The official constraints state that the number of nodes is in [2, 5000] and 0 <= Node.val <= 10^5.
Input and Output
| Item | Meaning |
|---|---|
| Input | Root of a binary tree |
| Output | Maximum absolute difference between any node and its ancestor |
Function shape:
def maxAncestorDiff(root: Optional[TreeNode]) -> int:
...Examples
Example 1:
root = [8, 3, 10, 1, 6, None, 14, None, None, 4, 7, 13]Some ancestor-descendant pairs:
| Ancestor | Node | Difference |
|---|---|---|
| 8 | 1 | 7 |
| 3 | 7 | 4 |
| 8 | 14 | 6 |
Maximum: 7.
Answer:
7Key Insight
For any root-to-leaf path, the maximum difference between a node and one of its ancestors is achieved by the pair (max_along_path, min_along_path).
So we do a DFS while tracking the current minimum and maximum values seen on the path from the root.
At each leaf, compute max - min and update the global answer.
Algorithm
Define dfs(node, cur_min, cur_max):
- If
nodeisNone, returncur_max - cur_min. - Update
cur_min = min(cur_min, node.val)andcur_max = max(cur_max, node.val). - Return
max(dfs(node.left, cur_min, cur_max), dfs(node.right, cur_min, cur_max)).
Correctness
At each node, cur_min and cur_max hold the minimum and maximum values of all ancestors plus the node itself on the current path.
The maximum difference that uses an ancestor from this path is cur_max - cur_min.
Since every node is visited, every ancestor-descendant pair is considered.
Edge Cases
- A missing child should not contribute a fake value to min/max or path computations.
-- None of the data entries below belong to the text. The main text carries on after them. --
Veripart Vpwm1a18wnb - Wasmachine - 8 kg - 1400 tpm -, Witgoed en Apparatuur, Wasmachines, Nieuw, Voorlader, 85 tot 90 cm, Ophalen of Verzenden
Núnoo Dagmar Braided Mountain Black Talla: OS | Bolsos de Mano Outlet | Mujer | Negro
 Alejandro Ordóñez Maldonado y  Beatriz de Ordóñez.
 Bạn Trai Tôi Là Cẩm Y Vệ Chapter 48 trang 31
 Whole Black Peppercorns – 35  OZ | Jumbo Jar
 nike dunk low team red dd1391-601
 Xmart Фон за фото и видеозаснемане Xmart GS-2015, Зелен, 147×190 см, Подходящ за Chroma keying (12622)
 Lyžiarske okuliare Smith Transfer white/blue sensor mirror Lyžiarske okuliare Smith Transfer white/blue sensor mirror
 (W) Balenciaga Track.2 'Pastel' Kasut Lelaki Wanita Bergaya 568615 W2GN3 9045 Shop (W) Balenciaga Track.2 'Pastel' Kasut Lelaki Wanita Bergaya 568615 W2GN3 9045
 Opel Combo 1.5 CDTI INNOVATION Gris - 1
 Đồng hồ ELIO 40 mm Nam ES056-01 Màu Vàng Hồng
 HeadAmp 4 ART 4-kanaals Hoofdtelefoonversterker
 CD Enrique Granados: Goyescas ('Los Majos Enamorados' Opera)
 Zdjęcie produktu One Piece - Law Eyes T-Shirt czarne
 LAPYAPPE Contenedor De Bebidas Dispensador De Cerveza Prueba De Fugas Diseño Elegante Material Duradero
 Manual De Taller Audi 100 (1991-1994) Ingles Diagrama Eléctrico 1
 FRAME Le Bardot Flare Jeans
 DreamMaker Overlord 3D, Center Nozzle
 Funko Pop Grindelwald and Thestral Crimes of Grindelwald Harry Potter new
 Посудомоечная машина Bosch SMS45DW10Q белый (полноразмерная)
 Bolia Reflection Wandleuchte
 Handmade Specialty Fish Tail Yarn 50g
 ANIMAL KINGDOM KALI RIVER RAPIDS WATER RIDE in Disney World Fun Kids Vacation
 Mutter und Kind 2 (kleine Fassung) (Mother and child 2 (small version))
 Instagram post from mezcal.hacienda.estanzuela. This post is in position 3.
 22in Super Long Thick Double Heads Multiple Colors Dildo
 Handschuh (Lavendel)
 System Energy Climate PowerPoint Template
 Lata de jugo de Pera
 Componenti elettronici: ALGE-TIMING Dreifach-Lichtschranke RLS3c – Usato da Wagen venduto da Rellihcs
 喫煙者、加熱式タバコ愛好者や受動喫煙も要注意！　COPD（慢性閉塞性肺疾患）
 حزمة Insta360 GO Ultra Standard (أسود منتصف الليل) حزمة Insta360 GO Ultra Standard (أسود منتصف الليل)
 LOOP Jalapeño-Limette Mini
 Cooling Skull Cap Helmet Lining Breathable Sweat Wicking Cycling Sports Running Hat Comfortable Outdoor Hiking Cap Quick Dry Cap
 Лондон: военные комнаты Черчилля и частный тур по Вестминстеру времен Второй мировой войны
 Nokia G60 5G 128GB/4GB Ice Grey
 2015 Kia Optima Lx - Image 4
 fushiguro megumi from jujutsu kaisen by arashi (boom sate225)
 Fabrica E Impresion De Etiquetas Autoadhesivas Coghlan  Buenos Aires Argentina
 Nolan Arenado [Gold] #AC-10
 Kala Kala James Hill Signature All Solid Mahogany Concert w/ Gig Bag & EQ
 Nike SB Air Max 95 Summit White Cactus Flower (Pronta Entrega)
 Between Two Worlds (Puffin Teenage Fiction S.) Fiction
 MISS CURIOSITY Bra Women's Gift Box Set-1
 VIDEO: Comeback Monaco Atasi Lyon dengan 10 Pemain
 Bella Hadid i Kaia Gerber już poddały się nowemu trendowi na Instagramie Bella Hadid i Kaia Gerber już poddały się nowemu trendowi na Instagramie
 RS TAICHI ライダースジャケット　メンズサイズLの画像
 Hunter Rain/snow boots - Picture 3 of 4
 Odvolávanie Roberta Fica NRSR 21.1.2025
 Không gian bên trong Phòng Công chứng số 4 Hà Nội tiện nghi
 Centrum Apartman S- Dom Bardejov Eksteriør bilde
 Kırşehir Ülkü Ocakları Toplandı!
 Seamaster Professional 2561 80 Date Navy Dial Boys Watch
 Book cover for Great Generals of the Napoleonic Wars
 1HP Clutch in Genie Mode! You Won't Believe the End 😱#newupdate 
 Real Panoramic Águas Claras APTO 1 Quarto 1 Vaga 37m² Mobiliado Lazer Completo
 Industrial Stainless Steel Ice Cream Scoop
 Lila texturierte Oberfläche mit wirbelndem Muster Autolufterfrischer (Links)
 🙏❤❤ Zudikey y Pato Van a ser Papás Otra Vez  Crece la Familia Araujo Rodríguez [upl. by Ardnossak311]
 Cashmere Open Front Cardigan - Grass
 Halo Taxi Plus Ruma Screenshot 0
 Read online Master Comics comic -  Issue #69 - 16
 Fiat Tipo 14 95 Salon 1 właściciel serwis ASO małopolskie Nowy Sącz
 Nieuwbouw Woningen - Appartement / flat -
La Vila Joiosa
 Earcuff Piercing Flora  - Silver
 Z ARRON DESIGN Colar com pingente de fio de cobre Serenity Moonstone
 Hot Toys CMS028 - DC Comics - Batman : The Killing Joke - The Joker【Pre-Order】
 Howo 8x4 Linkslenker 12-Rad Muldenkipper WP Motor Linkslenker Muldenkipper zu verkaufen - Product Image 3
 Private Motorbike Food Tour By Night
- Leaf nodes often define the base case; verify the behavior on a single-node tree.
- When passing state down the tree, update it before visiting children that depend on the current node.
Complexity
| Metric | Value | Why |
|---|---|---|
| Time | O(n) | Visit every node once |
| Space | O(h) | Recursion stack of tree height |
Common Pitfalls
- Do not optimize away the invariant; the code should still make it clear what condition is being maintained.
- Prefer problem-specific names over one-letter variables once the logic becomes stateful.
Implementation
from typing import Optional
class Solution:
def maxAncestorDiff(self, root: Optional[TreeNode]) -> int:
def dfs(node, cur_min, cur_max):
if node is None:
return cur_max - cur_min
cur_min = min(cur_min, node.val)
cur_max = max(cur_max, node.val)
return max(dfs(node.left, cur_min, cur_max), dfs(node.right, cur_min, cur_max))
return dfs(root, root.val, root.val)Testing
def run_tests():
s = Solution()
root = TreeNode(8, TreeNode(3, TreeNode(1), TreeNode(6, TreeNode(4), TreeNode(7))), TreeNode(10, None, TreeNode(14, TreeNode(13))))
assert s.maxAncestorDiff(root) == 7
root2 = TreeNode(1, None, TreeNode(2, None, TreeNode(0, TreeNode(3))))
assert s.maxAncestorDiff(root2) == 3
print("all tests passed")
run_tests()| Test | Expected | Why |
|---|---|---|
| Standard tree | 7 | Pair (8, 1) |
| Right-skewed | 3 | The maximum ancestor-descendant difference is between ancestor 0 and descendant 3 |